2. Movement of waste materials
Animals, elimination of waste material occurs through simple diffusion. Within the liver waste such as urea is absorbed into blood through the simple process of diffusion. Similar to kidneys elimination of toxins and waste chemicals and the absorption of water happens through simple diffusion. Another active transport occurs in certain areas within the kidneys.
3. Nutrition in bacteria
Prokaryotes such as bacteria don’t have a distinct mechanism for moving nutrients, water, gases and other solutes through their bodies. They depend on simple diffusion to facilitate the circulation of these molecules in the cells. Furthermore, the removal of waste substances in bacteria is also assisted by diffusion that happens through the body’s surface.

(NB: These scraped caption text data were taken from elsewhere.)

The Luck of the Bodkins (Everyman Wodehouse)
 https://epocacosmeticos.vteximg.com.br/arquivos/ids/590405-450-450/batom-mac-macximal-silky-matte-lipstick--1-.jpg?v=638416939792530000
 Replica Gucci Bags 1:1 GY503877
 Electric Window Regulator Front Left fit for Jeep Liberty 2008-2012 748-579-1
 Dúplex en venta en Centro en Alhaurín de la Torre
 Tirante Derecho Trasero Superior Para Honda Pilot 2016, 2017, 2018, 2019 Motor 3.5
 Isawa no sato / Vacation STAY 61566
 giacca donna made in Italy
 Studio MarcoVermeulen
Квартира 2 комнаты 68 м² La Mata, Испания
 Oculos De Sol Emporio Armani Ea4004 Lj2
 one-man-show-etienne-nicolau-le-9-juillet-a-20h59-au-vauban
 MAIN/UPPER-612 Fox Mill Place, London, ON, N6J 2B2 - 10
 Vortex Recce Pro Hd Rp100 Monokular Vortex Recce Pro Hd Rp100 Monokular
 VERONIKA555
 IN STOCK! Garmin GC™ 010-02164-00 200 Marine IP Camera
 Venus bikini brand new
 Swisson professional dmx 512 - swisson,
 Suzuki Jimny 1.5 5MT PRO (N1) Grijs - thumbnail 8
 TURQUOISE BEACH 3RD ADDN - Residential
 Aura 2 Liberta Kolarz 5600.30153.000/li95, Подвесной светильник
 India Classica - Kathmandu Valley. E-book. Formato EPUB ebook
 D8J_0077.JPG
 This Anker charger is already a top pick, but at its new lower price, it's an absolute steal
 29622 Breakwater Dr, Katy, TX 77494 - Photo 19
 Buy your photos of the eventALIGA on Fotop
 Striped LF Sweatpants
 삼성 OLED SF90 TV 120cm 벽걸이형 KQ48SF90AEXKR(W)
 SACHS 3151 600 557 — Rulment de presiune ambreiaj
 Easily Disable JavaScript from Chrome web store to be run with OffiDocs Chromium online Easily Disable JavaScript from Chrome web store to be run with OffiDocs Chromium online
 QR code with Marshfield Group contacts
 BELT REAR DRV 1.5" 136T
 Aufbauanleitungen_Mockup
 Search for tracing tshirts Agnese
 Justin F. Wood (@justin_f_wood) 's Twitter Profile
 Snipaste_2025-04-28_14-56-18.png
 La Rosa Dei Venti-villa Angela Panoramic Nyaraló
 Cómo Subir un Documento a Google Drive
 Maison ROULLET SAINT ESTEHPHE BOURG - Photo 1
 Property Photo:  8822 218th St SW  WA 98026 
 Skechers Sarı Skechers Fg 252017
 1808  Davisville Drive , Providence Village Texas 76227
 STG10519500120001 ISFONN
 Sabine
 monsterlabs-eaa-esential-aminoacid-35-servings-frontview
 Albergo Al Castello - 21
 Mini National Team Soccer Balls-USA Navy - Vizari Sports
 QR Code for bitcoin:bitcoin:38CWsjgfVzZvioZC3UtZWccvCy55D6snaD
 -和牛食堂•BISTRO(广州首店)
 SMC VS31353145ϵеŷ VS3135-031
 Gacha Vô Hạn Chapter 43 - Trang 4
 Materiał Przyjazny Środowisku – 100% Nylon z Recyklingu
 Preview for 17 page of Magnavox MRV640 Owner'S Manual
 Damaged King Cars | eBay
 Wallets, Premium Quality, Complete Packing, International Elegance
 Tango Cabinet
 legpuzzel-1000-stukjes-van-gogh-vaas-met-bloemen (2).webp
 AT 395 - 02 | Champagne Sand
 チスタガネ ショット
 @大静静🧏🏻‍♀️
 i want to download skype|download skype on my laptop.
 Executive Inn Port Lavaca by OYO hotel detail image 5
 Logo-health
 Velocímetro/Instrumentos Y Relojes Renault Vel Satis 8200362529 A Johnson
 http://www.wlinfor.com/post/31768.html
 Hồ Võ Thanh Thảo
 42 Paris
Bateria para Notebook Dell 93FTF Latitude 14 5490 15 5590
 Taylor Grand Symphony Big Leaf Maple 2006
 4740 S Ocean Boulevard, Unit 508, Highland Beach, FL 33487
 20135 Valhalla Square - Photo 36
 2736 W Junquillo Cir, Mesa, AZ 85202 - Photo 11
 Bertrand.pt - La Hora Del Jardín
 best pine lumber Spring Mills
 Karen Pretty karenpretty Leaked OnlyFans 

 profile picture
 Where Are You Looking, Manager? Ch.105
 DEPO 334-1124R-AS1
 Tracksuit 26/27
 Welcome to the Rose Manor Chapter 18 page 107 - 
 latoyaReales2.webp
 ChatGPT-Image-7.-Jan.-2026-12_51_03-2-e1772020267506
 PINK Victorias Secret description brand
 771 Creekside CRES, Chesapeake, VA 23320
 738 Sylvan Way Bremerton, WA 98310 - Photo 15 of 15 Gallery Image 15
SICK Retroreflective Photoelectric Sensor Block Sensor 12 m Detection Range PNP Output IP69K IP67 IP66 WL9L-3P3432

Application of Simple diffusion
The idea of diffusion simple is used across a range of areas, such as medical, food and the environment.
- In drinks like soda and tea the dispersion of chemicals and gases out of tea leaves play a crucial element in the formation of the distinctive taste.
- The simple diffusion process is utilized in the action of the body’s medicines. After a medication is taken these molecules release to the specific areas of action via simple diffusion.
- Air pollution is a different phenomenon which is the result of diffusion. The spread of various gases released by industrial, agricultural, and mechanical processes result in air pollution.
- The creation of alloys can also be the result of diffusion. In the long-term exposure of one metal to the other the atoms are able to diffuse from one metal to the next to fill in the gaps. This leads to the formation of various alloys.